I watch him disappear into the Wood.





53

AGATHA

Niamh and I are quiet on the way to the car. But it’s a better sort of quiet than before—I think we’re both just relieved that no more of the goats have left Watford and that we’ve managed to round them up, at least.

I suppose I have to make peace with Simon continuing to show up to save my day. Whether or not I’ve asked him to. Whether or not he has any claim on me.

“Those spells you were using…” Niamh says.

“Simon said Ebb taught him. I could teach you—”

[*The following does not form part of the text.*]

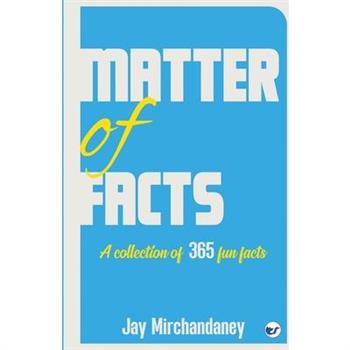 Matter of Facts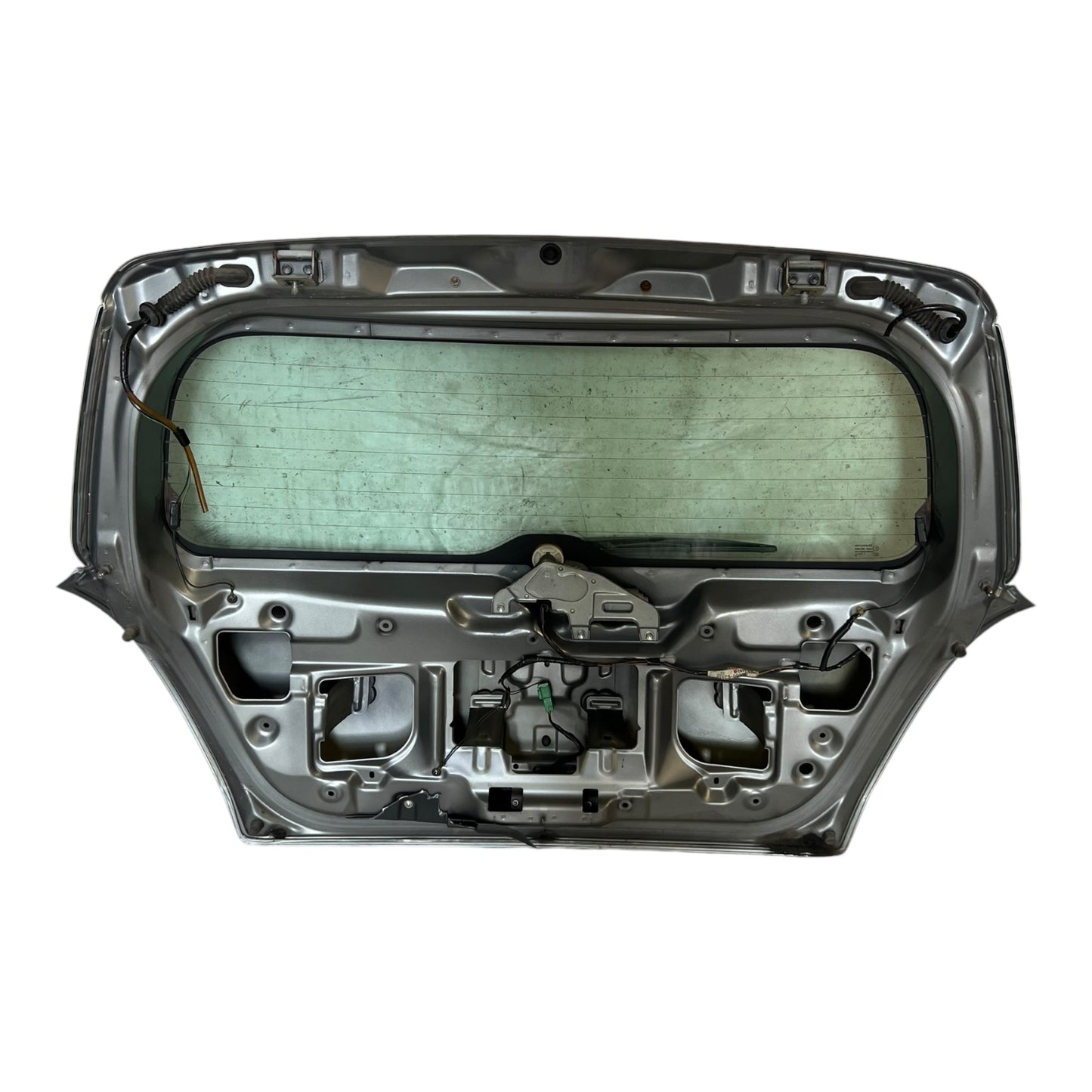 Portello Portellone Posteriore SUZUKI SWIFT 4 Serie 3-5 Porte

“I don’t know that you could. You have a way with those goats.” Her bun has come loose again. She takes it down and puts the hairgrips in her mouth while she tries to comb her hair back up with her fingers. It’s like watching someone give themselves a makeunder.

“Oh, Niamh, don’t,” I say, pulling on her arm.

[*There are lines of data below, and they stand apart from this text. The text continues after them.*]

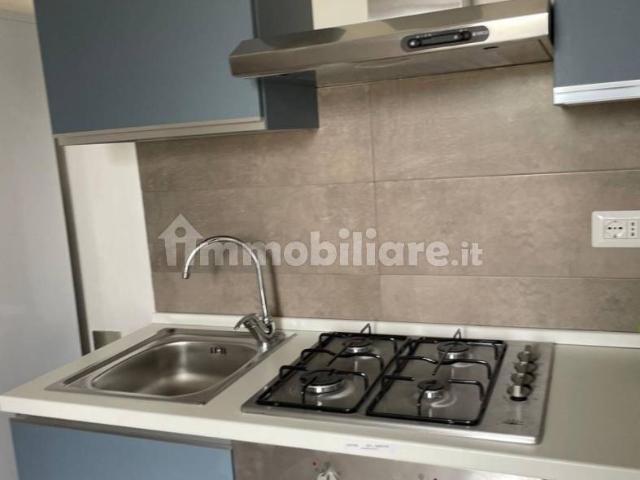 Trilocale via Tychy, Centro, Cassino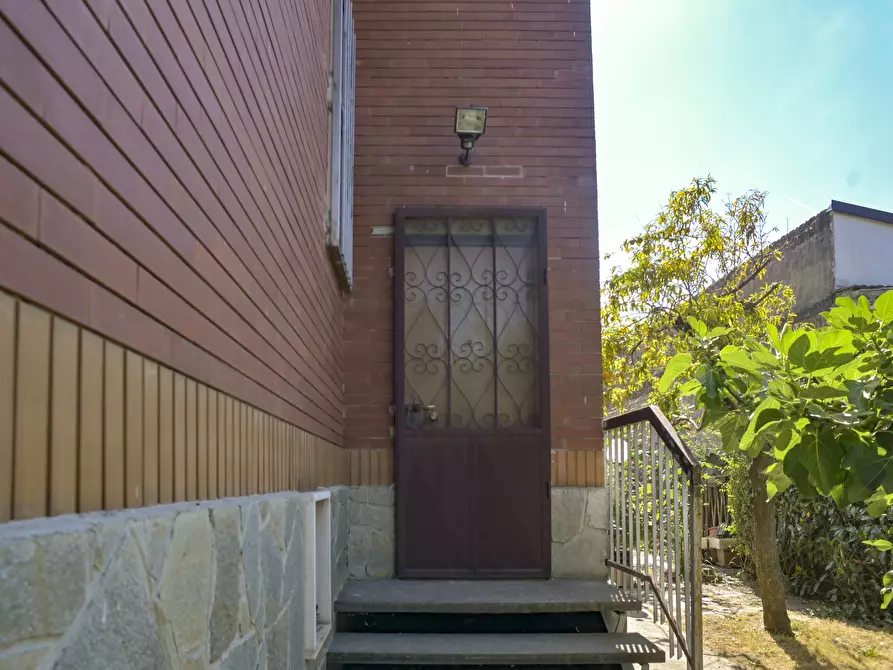 Immagine 113 di Casa bifamiliare in vendita  in Via Settimo 80 a Leini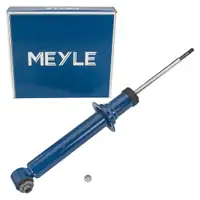 MEYLE 3267250035 Sto&szlig;d&auml;mpfer Gasdrucksto&szlig;d&auml;mpfer f&uuml;r BMW 5er E60 mit M-Technik Hinterachse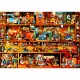 Bluebird-Puzzle - 4000 pieces - Toys Tale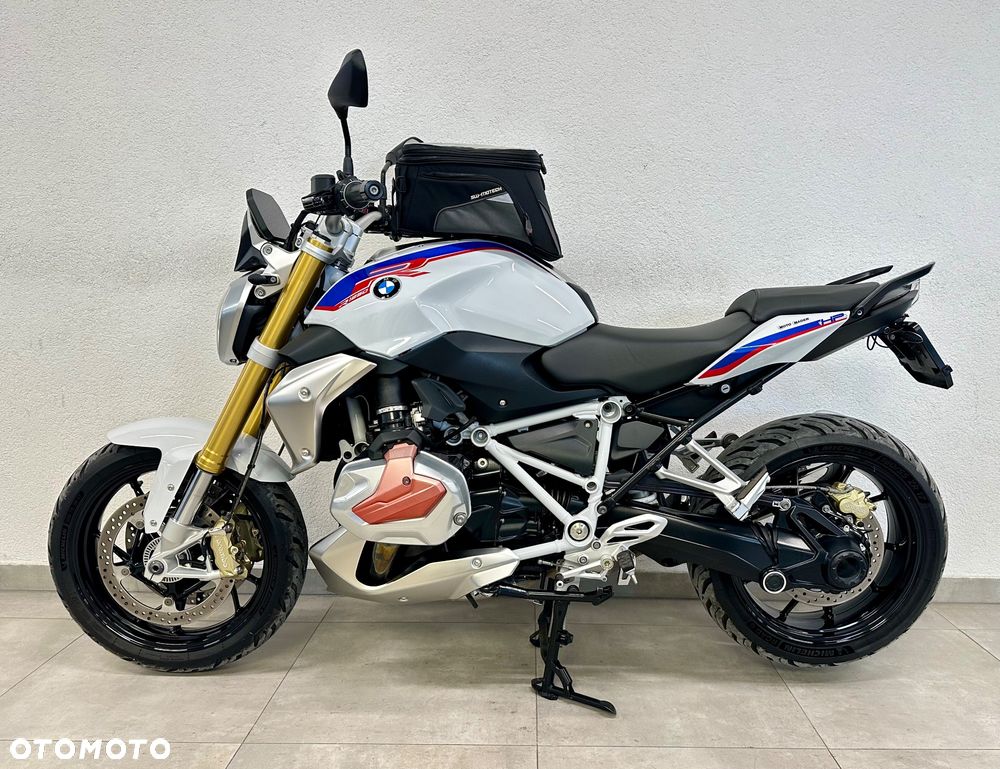 BMW R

“Don’t what?” She spits out the pins.

I lean over to find them in the grass. “Don’t put your hair in that awful bun. It makes you look a thousand years old.”

“But I can’t work with my hair in my face.”

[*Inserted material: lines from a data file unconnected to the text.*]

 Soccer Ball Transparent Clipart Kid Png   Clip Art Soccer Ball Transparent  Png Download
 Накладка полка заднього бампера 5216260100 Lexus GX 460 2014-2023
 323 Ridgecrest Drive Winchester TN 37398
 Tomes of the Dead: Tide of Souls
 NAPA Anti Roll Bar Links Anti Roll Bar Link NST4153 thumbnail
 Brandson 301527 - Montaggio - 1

I hold the hairpins out to her. “You’re not working now.”

She takes the pins from me. She looks like she doesn’t know what to do with them. Or herself.

“You have perfectly good hair,” I say, reaching up to smooth it down.

(Penelope says I have too many opinions about other people’s hair.) “There’s no reason to hide it.”

“I don’t like myself with long hair.”

“Then get it cut. It looked good at school.”

“I didn’t think you remembered it,” she says. “Or me.”

“I remember you now.”

Niamh is frowning very deeply at me. If I didn’t know her face always looked like that, I’d back off. Instead I smooth out the other side of her head.

It is nice hair. Thick and glossy, with just enough wave to take a style. My hair is too straight to wear any way other than how I wear it.

“I don’t want to colour it again,” she says. The way someone else might say, “I don’t want to go to prison.”

“Then don’t,” I reply, arranging her hair around her face. “It’s a good colour. Chestnut. With some auburn highlights in the sun. Lots of people dye their hair this colour. You could wear it short and dark…” I pull her hair back into a ponytail and hold it so the front poofs out. “You’d look good with a quiff.”

Niamh doesn’t say anything. Her eyes are hard, and her eyebrows are tense.

She’d look very, very good like this. Her face looks severe with her hair scraped back into the bun. But this makes her look … fierce instead. Oh, I suppose Niamh looks fierce no matter what. With that nose. That crushed plum of a mouth. That mean chin. But this takes her from fierce to something else … Something very nearly intolerable. She looks like Marlon Brando.

I let her hair fall back down around her face. “You should wear it however you like,” I say. I start walking again.

When we get to the car, I stand by the passenger side, waiting for Niamh to unlock the doors.

“Agatha,” she says, “you drove.”

“Oh … right. Right.” I push the unlock button and go around to my side of the car. “I hope you aren’t going to be late.”

“Late for what?”

I get in and wait for her to sit down. “For your thing.” I start the car. “That you had to get back for. In London.”